GOAL OF THE EXERCISE - Everything from the line that holds "Picture 3 of 6" through the end of the listing below must be retyped word for word, without any pictures.

[RECORD EXCERPTS — start]

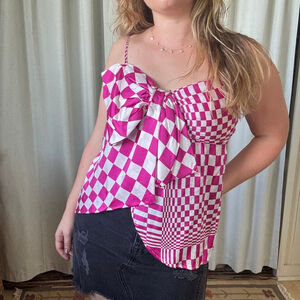 Vintage Voom by Jan Han Silk Asymetrical Tank Top • Size: S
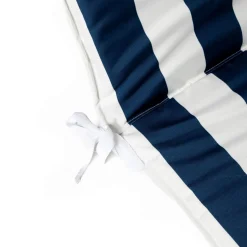 Cojín para tumbona a rayas blancas y azules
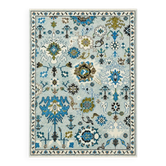 Tapis en laine Oushak fait main pour le salon, tapis à motifs floraux bleus noué à la main.
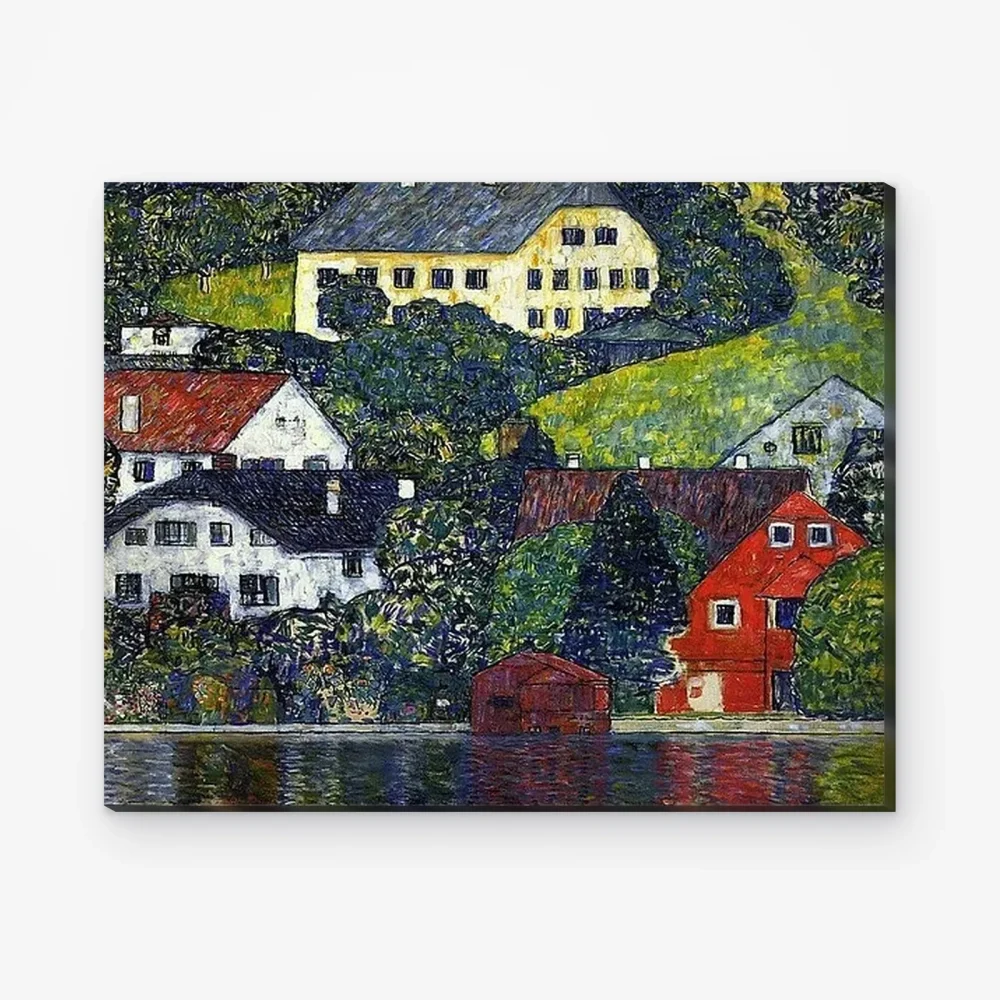 Pintar por Números - Casas cerca de Unterach en el lago Attersee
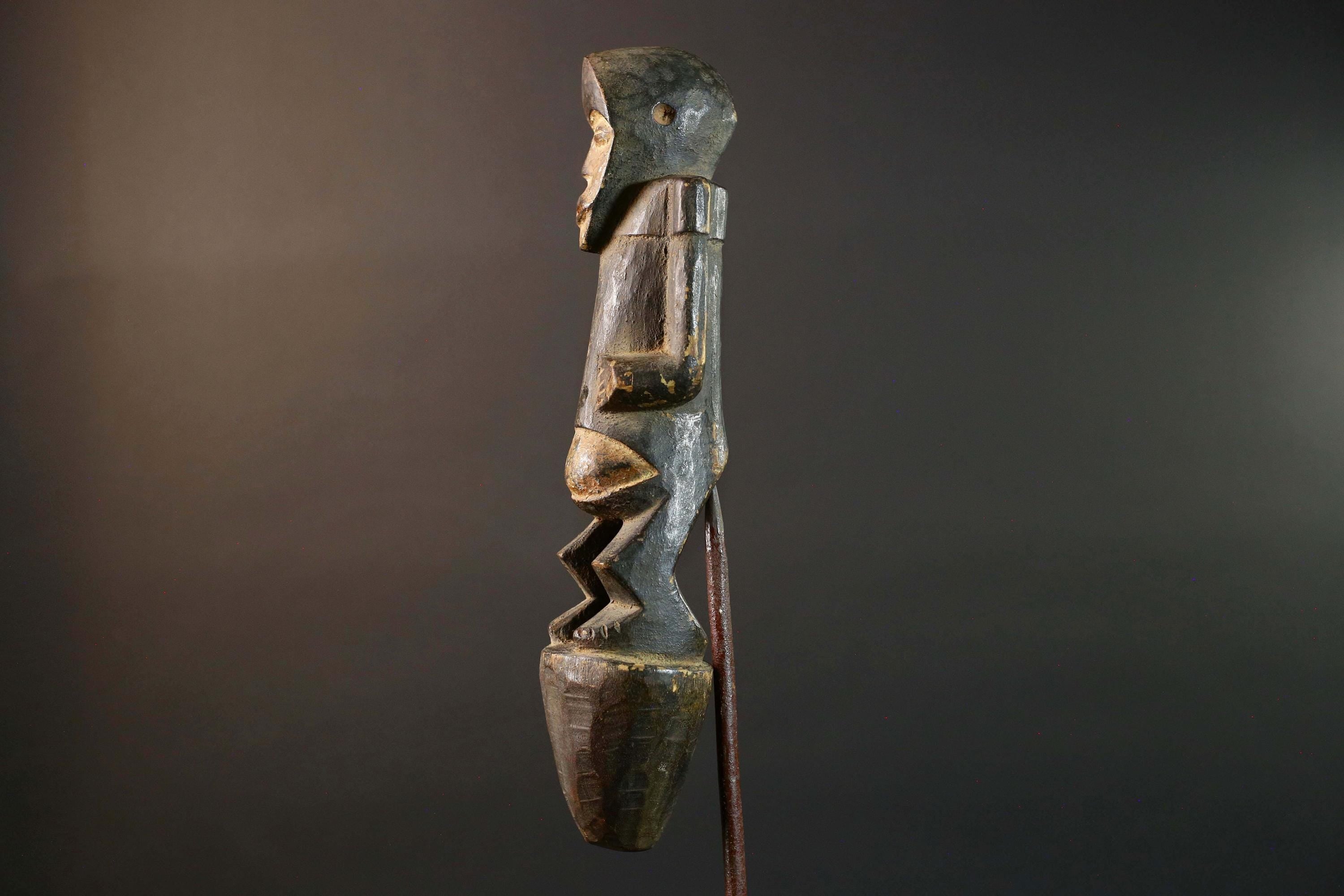 African Fang Tribe Carved Wood Sculpture Tribal Figure Vintage Home Decor Accent Wall Art Unique Gift Collectible Ethnic Art Piece-G5725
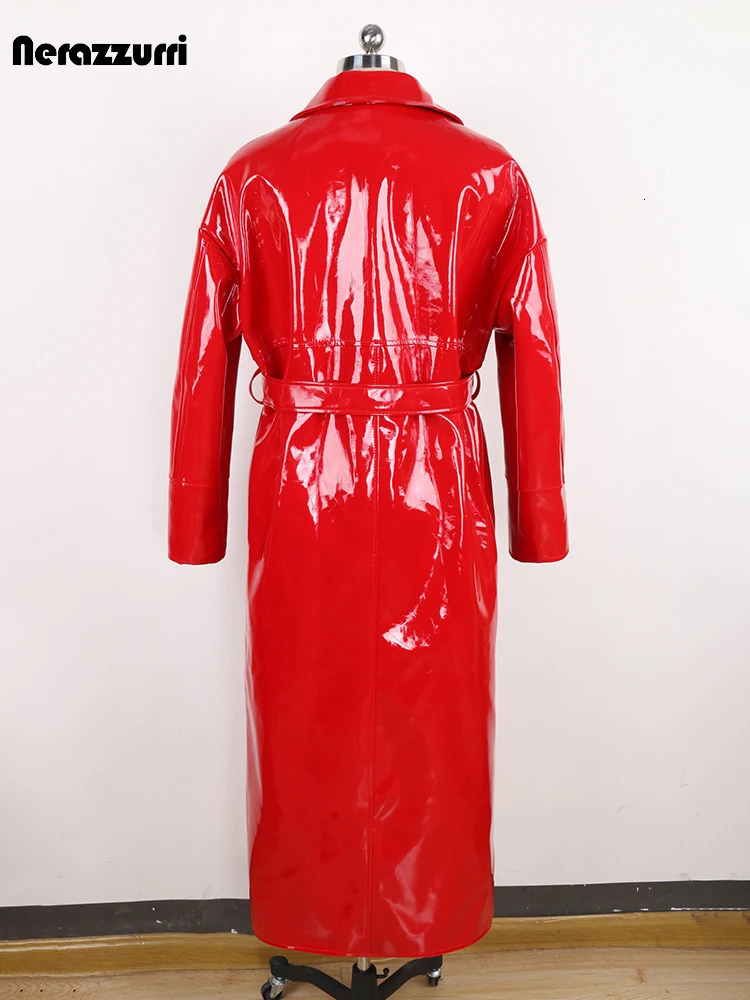 Blue and Black Legion Spring and Autumn Long Gloss Reflective Red Artificial Patent Leather Trench Coat Womens Loose Casual Runway Fashion 241107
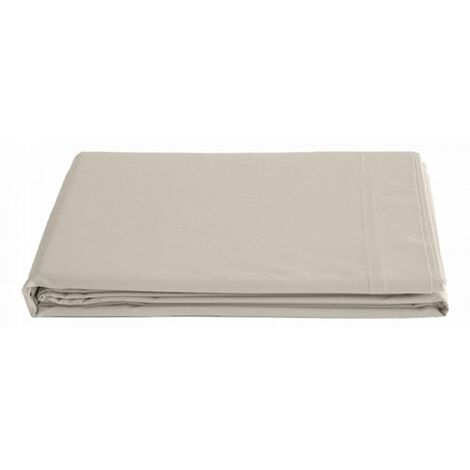 Perkal-Flachbettlaken aus reiner, langstapeliger, gekämmter Baumwolle 80 Fäden/cm² "Vent du Sud" - Elfenbein - 270 x 300 cm für Kingsize-Bett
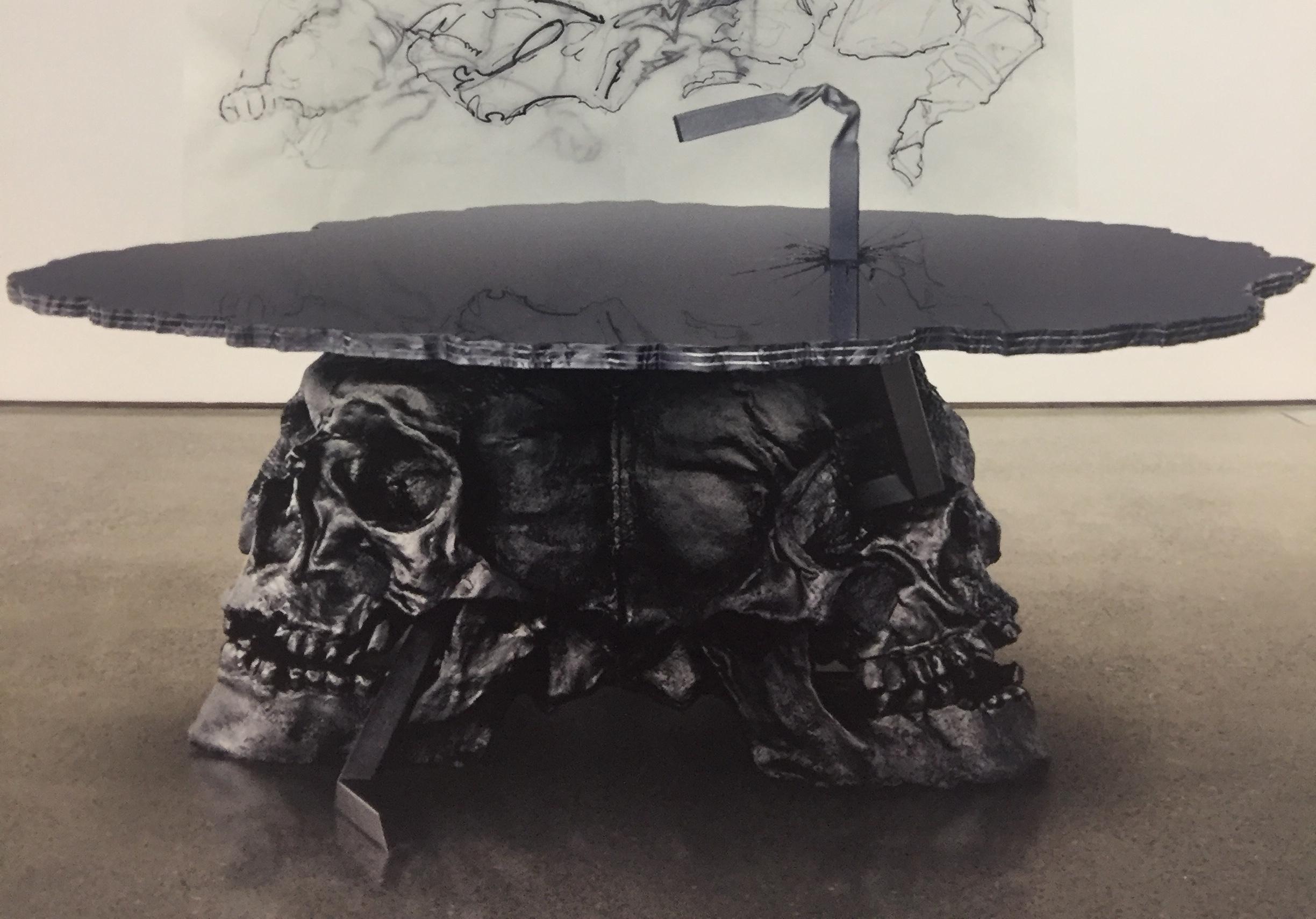 Pièce unique sculpture de table de coiffeuse en verre et bronze 1/1, 2018 - Sculpture de Philippe Pasqua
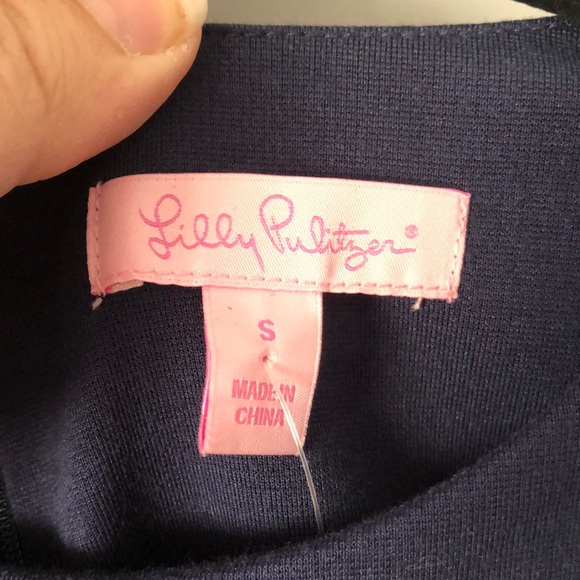 ⭕️ PRICE FIRM Lilly Pulitzer Navy and White Allaire Sheath Dress Size Small - Picture 3 of 6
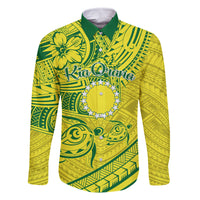 Kia Orana Cook Islands Family Matching Off Shoulder Long Sleeve Dress and Hawaiian Shirt Turtle Yellow Green Polynesian Pattern LT01 Dad's Shirt - Long Sleeve Green - Polynesian Pride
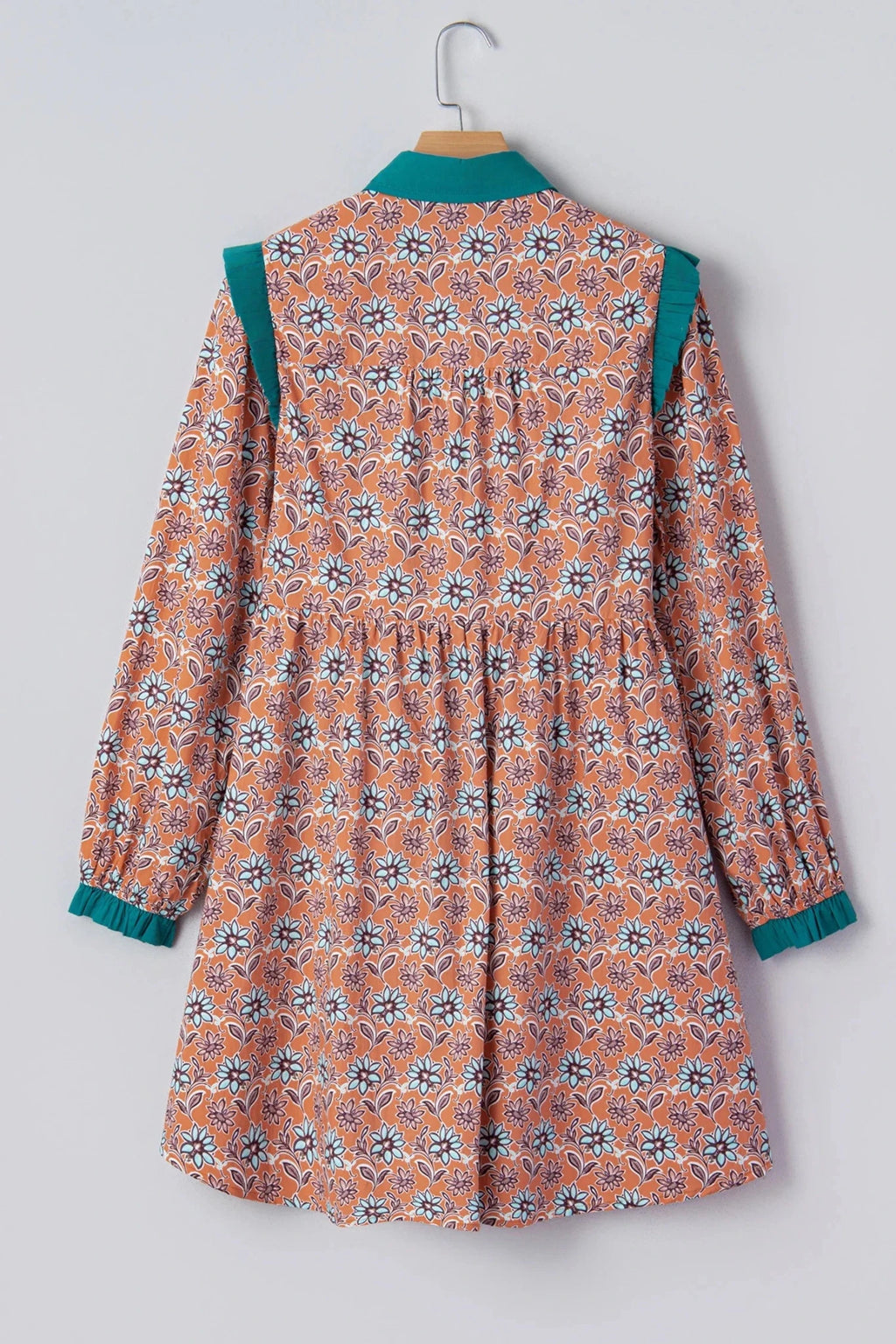 Floral Boho Contrast Collar Mini Shirt Dress - Rooted & Reckless Co.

[RECORD EXCERPTS — finish]

SOLUTION -
 ⭕️ PRICE FIRM Lilly Pulitzer Navy and White Allaire Sheath Dress Size Small - Picture 3 of 6
 Kia Orana Cook Islands Family Matching Off Shoulder Long Sleeve Dress and Hawaiian Shirt Turtle Yellow Green Polynesian Pattern LT01 Dad's Shirt - Long Sleeve Green - Polynesian Pride
 Floral Boho Contrast Collar Mini Shirt Dress - Rooted & Reckless Co.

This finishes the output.